These fruits high in potassium will help you reach your potassium goal for the day, as they’re all high potassium fruits that offer additional benefits as well. Fruit is the perfect choice for meeting your potassium needs, because in most cases you’ll also be getting the benefits of antioxidants and increased fiber intake.
1. Apricots (Dried): 1162mg Potassium (33% DV)
When you dry a fruit, you concentrate all of its properties, and in this case dried apricots have far more potassium per serving than their fresh counterparts. A 100 gram serving of dried apricots nets you a third of how much potassium you’re supposed to get each day.
When eating dried fruits, be aware that many times the sugar is concentrated as well, which means you’ll want to keep an eye on how much you eat. The same serving described above comes with 53 grams of sugar, so it may not be in your best interest to eat too much of them. Although if you only eat 30 grams or so you’ll be cutting that sugar intake by two thirds and still get 10% of your potassium for the day.
2. Raisins: 749mg Potassium (21% DV)
Raisins are another dried fruit that knocks out its fresh form, with a fifth of your recommended daily value of potassium in a 100 gram serving.
When you consider the grapes they started off as only have only 5% of your daily need, the difference is clear.
Because they’re dried, raisins have more sugar per serving than grapes, so you don’t want to eat a bunch of them in order to get your potassium.
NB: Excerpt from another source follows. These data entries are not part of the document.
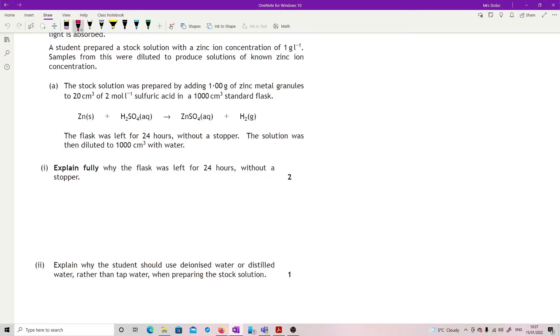Okay, so what that means is at the end of everything, we have all the zinc ions are in the solution and therefore we've got 1 gram in the litre. Explain fully why the flask was left for 24 hours without a stopper. We've got two marks here, so you're going to have to come up with two things.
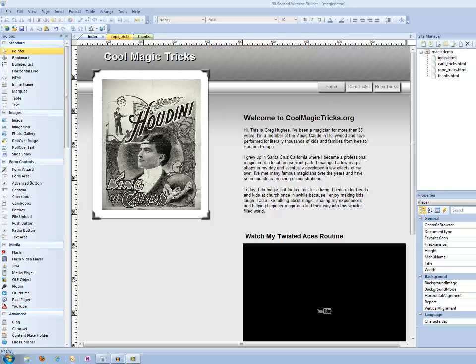Welcome back, it's Greg Hughes with video number 14 in the Quick Start video series for 90 Second Website Builder. Hey, let's take it up a notch and do something slightly more advanced. Although it's really not that hard, what we're going to do is add a capture form to our website.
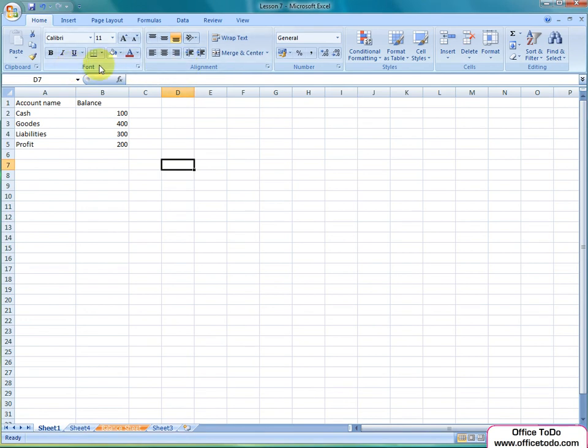The first one enables you to change the text itself, the other one the placement of the text. In Excel the text can be edited in two ways, cell-wide or inside the cell.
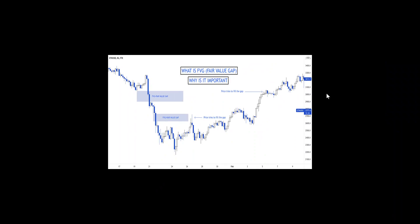Your homework is to identify fair value gaps in trade screenshots and send them to me on Telegram so I can help you out. Now let's run into the charts to find a fair value gap.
A 50 gram serving of raisins has nearly 30 grams of sugar. To put that in perspective, a 12 ounce can of cola as 39 grams of sugar.
3. Prunes: 732mg Potassium (21% DV)
Prunes are not only useful at keeping you regular, they’re an excellent source of potassium. They can be useful in meeting your potassium requirement because even a small serving will give you more potassium than many other fruits and vegetables.
Even though prunes are high in potassium and fiber, they’re also high in sugar, so you don’t want to get carried away with them. A 20 gram serving of prunes will still get you 4% of your potassium, and will cut your sugar down to about 8 grams.
4. Medjool Dates: 696mg Potassium (20% DV)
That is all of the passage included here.